▸ Directions:
Omit the images, then output each of the records below exactly.

Captioned web image data:
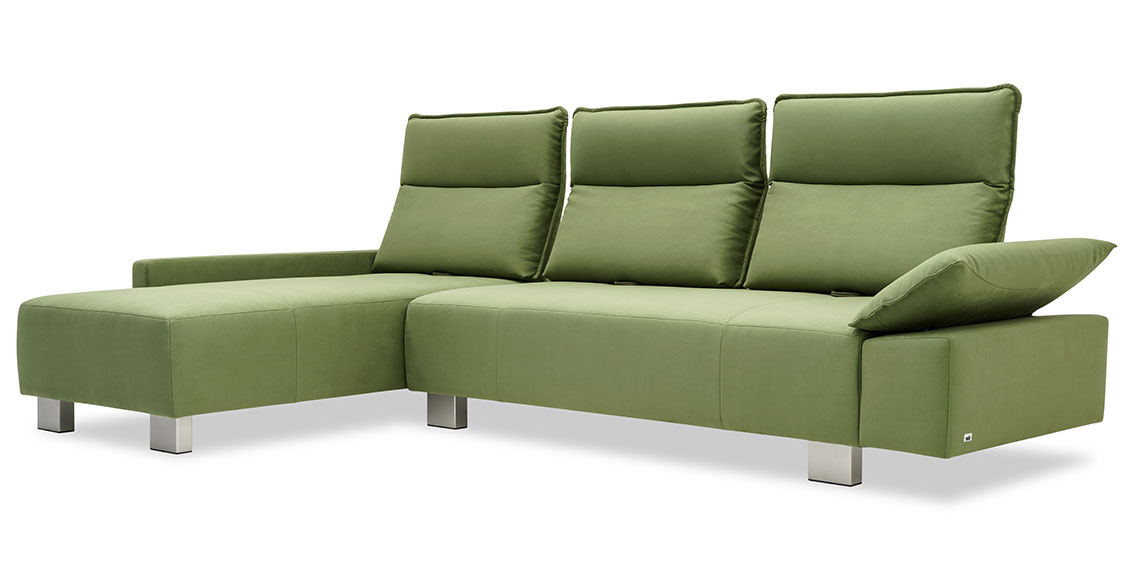 BELUGA - 2,5 Platz Sofa mit Longchair in Mikrofaserstoff S&V Like Suede grün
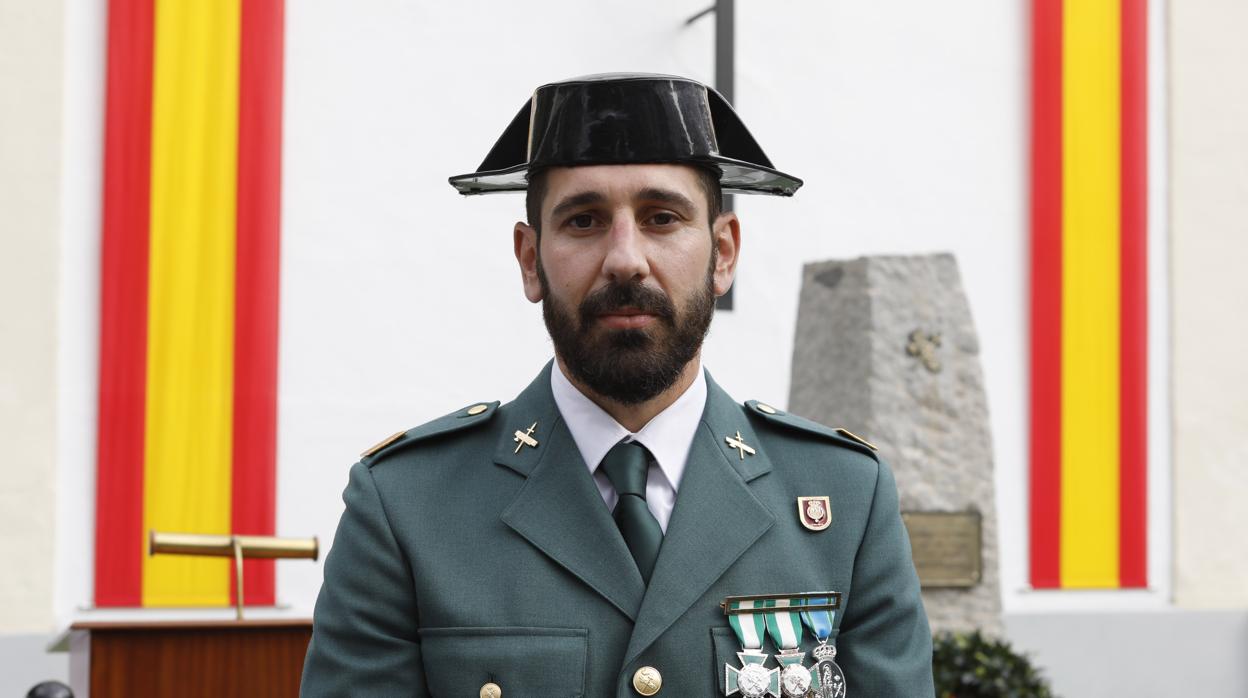 Agente Gallardo, condecorado con la Cruz al Mérito con distintivo Blanco de la Guardia Civil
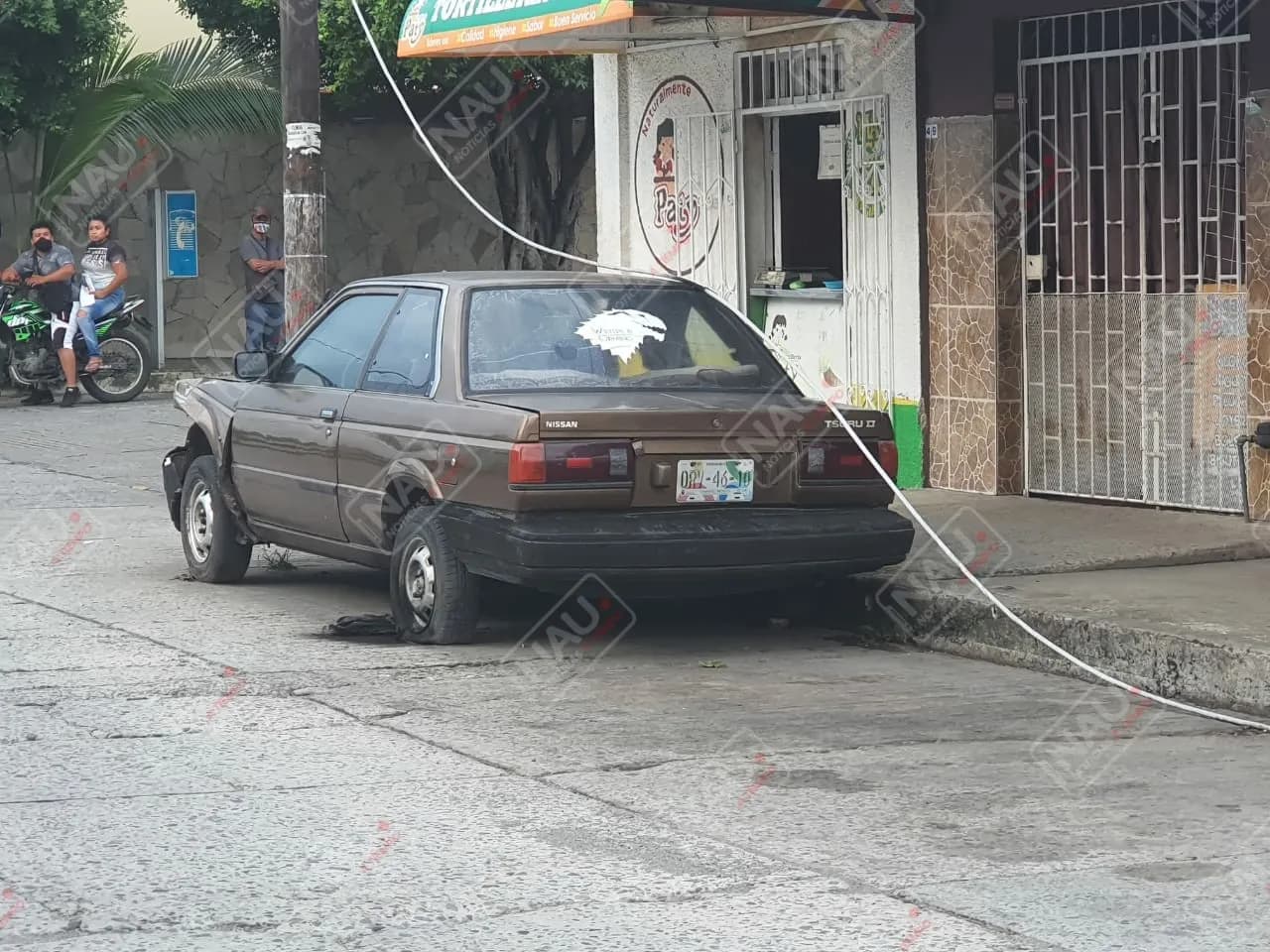 Se rompe cable de media tensión de luz y casi incendia un Vehículo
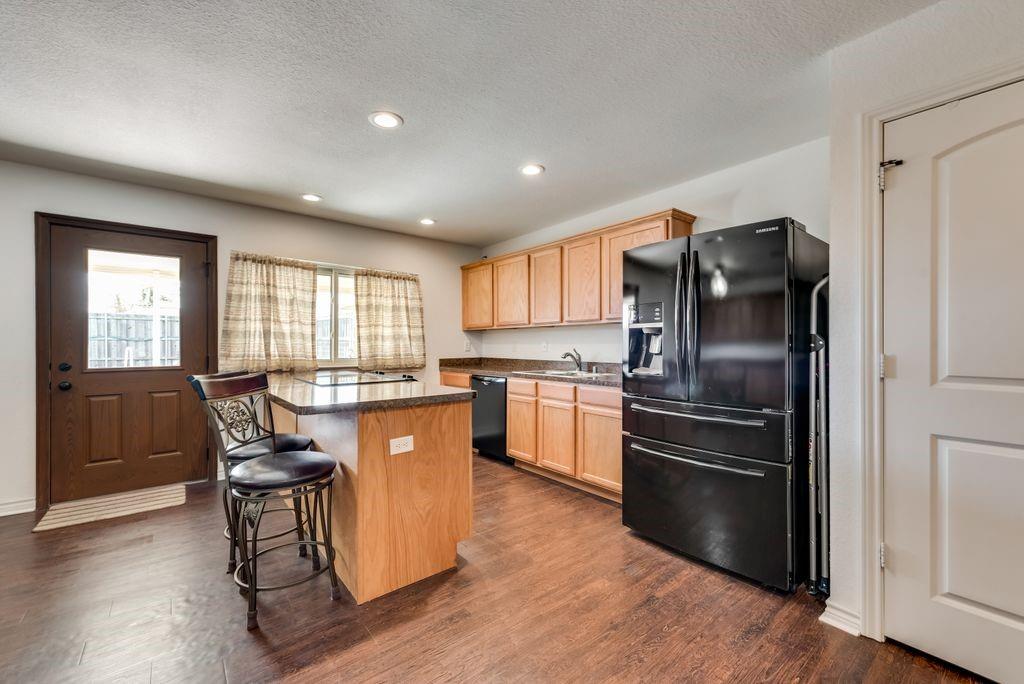 8302 Chesham Drive Property Photo 15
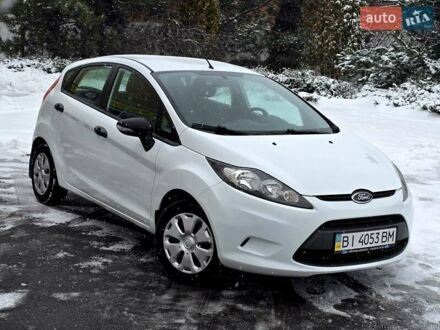 Білий Форд Фієста, об'ємом двигуна 1.25 л та пробігом 53 тис. км за 6400 $, фото 1 на Automoto.ua
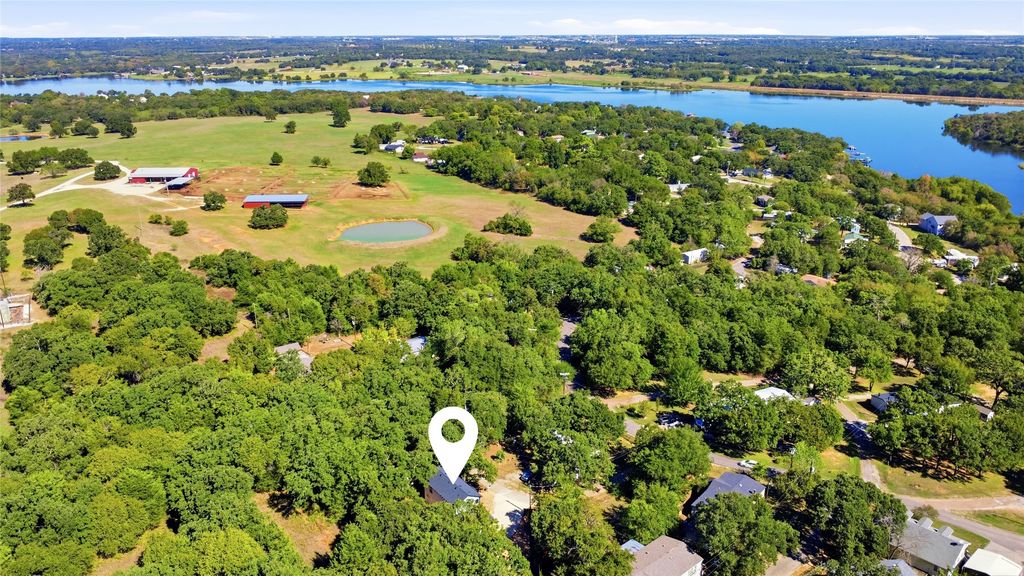 327 Boone, Alvarado, TX 76009 — photo 4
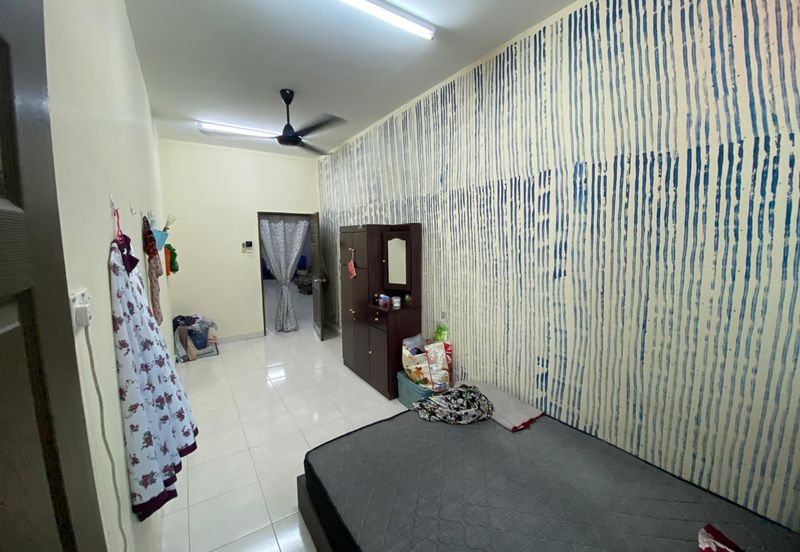 Shoplot 2 Tingkat di Padang Nenas, Gong Badak Berdekatan Bandar Baru Kuala Nerus, Terengganu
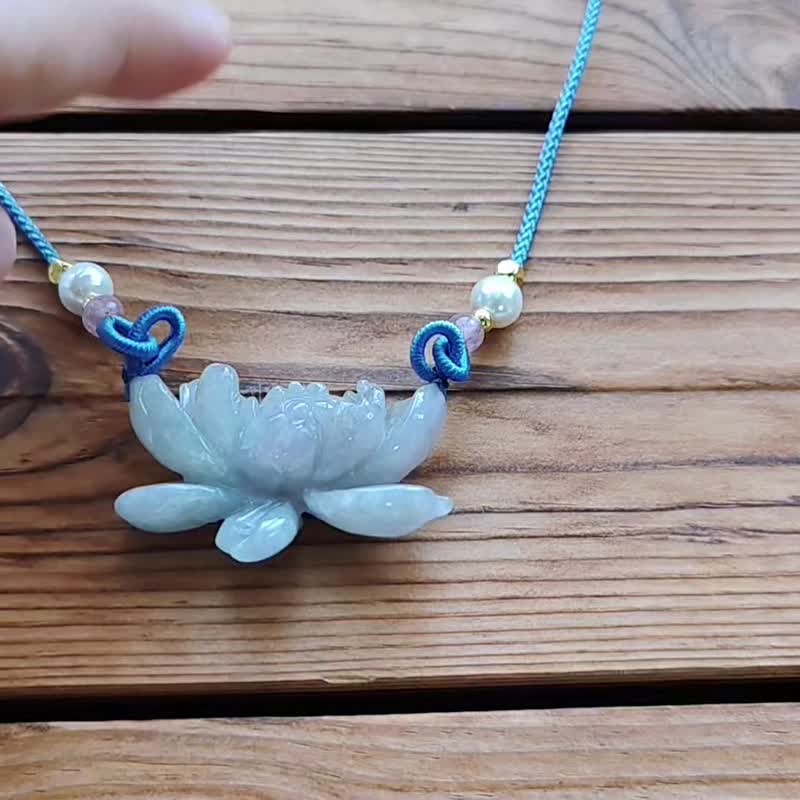 Pro-Cui Natural Jadeite Ice Light Gray Full Lotus Jade Heng Adjustable Rope Chain - Necklaces - Plants & Flowers Multicolor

▸ Written solution:
 BELUGA - 2,5 Platz Sofa mit Longchair in Mikrofaserstoff S&V Like Suede grün
 Agente Gallardo, condecorado con la Cruz al Mérito con distintivo Blanco de la Guardia Civil
 Se rompe cable de media tensión de luz y casi incendia un Vehículo
 8302 Chesham Drive Property Photo 15
 Білий Форд Фієста, об'ємом двигуна 1.25 л та пробігом 53 тис. км за 6400 $, фото 1 на Automoto.ua
 327 Boone, Alvarado, TX 76009 — photo 4
 Shoplot 2 Tingkat di Padang Nenas, Gong Badak Berdekatan Bandar Baru Kuala Nerus, Terengganu
 Pro-Cui Natural Jadeite Ice Light Gray Full Lotus Jade Heng Adjustable Rope Chain - Necklaces - Plants & Flowers Multicolor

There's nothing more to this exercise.